Bread – killing us softly…

Along with most cereals,  I would contend that bread is one of the worst things that anyone can choose to eat, short of known poisons like arsenic.

It’s a shocking idea, isn’t it?

One of the main problems is that our modern breads are baked to be light and fluffy, and they are almost all universally awful in their ingredients. Let’s start with a little myth-busting: despite what we’ve been taught, there isn’t really much difference between white and brown bread. Think of brown bread as white bread, dyed brown, with added bits. They are both nutritionally dead in terms of their vitamin and mineral content and are composed of nothing but empty calories, despite the advertising propaganda about ‘being fortified’.
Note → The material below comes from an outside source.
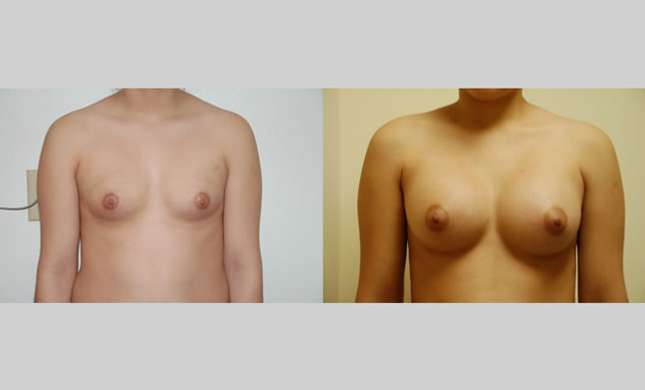Breast Augmentation: Image #41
A better distinction is between the loaves of bygone centuries and the attractive, addictive, sugary, junk food that passes for a bloomer, bap or baguette today.
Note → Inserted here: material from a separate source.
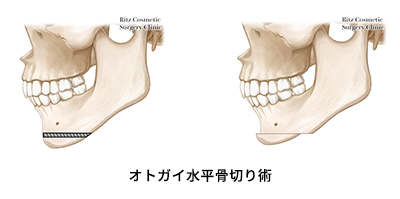 オトガイ形成術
Although bread used to be a traditional part of the diet of some very healthy cultures, we need to recognize that it was a very different creature indeed to the one that smiles so innocently at us from the supermarket shelves today.

Modern bread is a substantially different product to that which your grandmother would probably have eaten as a child. 70 years ago it contained much less gluten and more fibre, it didn’t instantly turn to sugar as soon as it reached the stomach – and it even had some beneficial nutrients floating around in it. The dark, heavy, grainy, dense loaf of ‘Blacke Bread’ that Chaucer knew in the Middle Ages is even more different again to the modern bread with which we are all so familiar.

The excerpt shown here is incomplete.